DIRECTIONS:
From the line with "Large Ethnic Tibetan" to the line with "Chủ tịch Quốc hội Trần", output every line below exactly, both ends included. Skip the pictures.

(PROVIDED DATA begins)

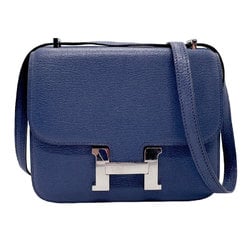 Hermes HERMES Shoulder Bag Constance Chevre Mysore Blue Brighton Silver Women's z1981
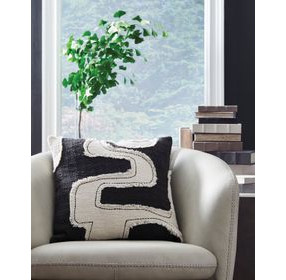 Veerbank Black and Beige Accent Pillow Set of 4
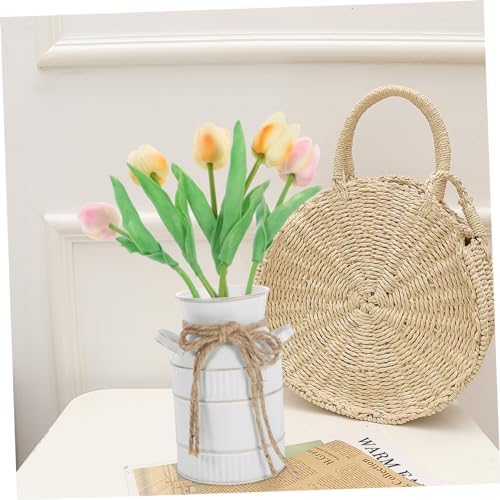 PRETYZOOM Vintage Iron Flower Vase with Handle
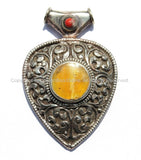 Large Ethnic Tibetan Pendant with Repousse Carved Floral Details, Amber & Coral Inlays - Large Ethnic Tribal Tibetan Pendant - WM5437
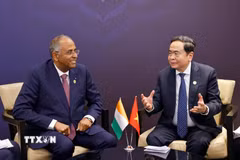 Chủ tịch Quốc hội Trần Thanh Mẫn kiến Chủ tịch Quốc hội Cộng hòa Côte d'Ivoire Patrick Achi. (Ảnh: Doãn Tấn/TTXVN)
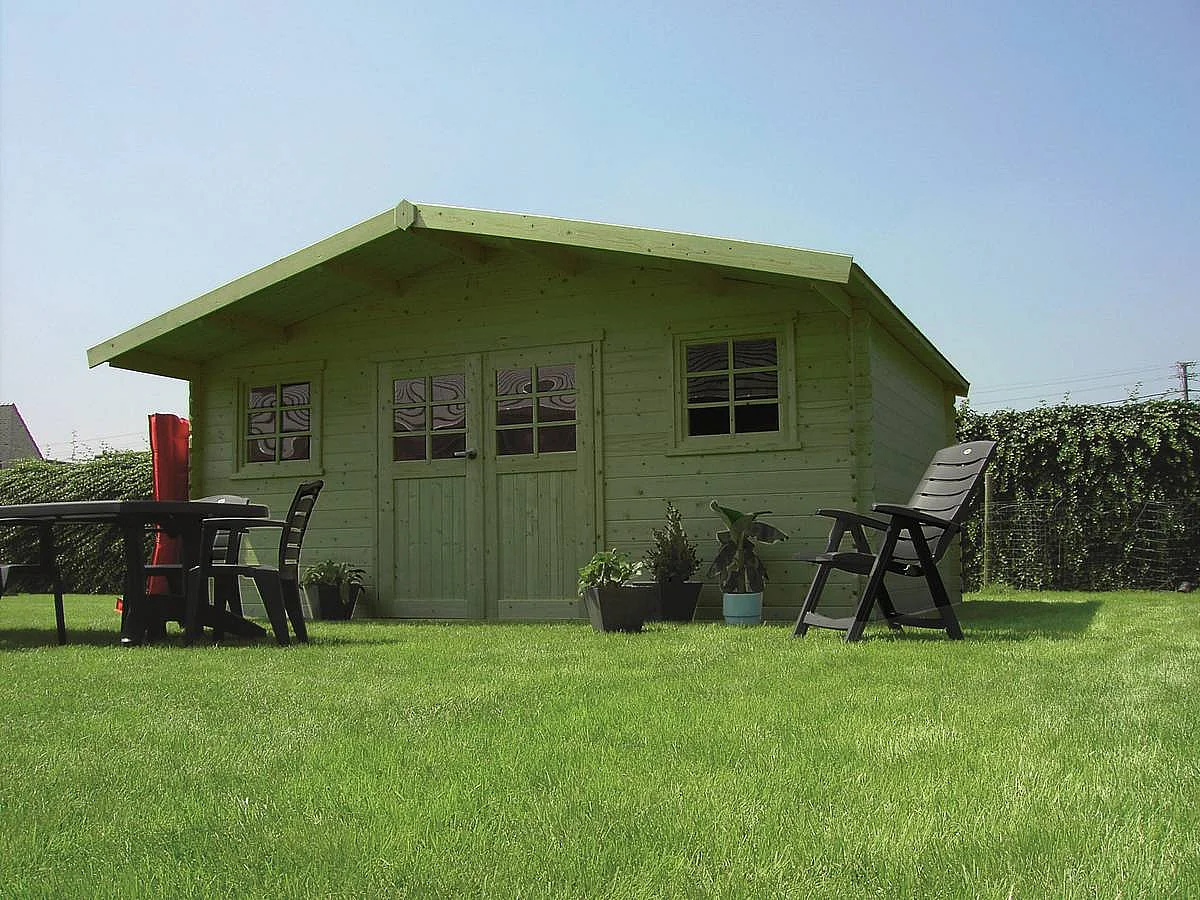 Abri jardin bois "Zürich" - 19.71 m² - 5.08 x 3.88 x 2.53 m - 28 mm
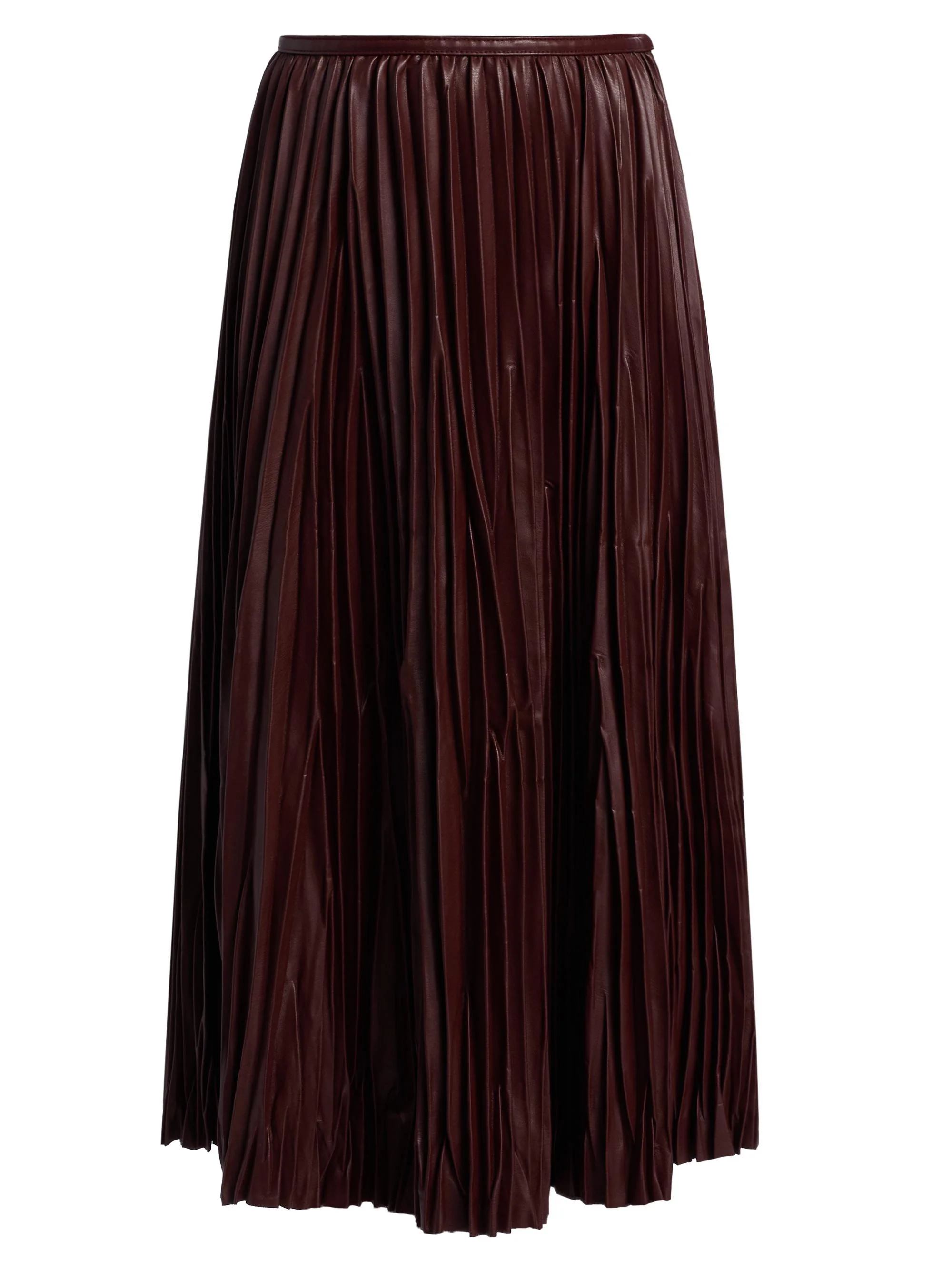 Women's Rosalyn Pleated Faux Leather Midi-Skirt - Oxblood - 1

(PROVIDED DATA ends)

ANSWER AREA:
 Large Ethnic Tibetan Pendant with Repousse Carved Floral Details, Amber & Coral Inlays - Large Ethnic Tribal Tibetan Pendant - WM5437
 Chủ tịch Quốc hội Trần Thanh Mẫn kiến Chủ tịch Quốc hội Cộng hòa Côte d'Ivoire Patrick Achi. (Ảnh: Doãn Tấn/TTXVN)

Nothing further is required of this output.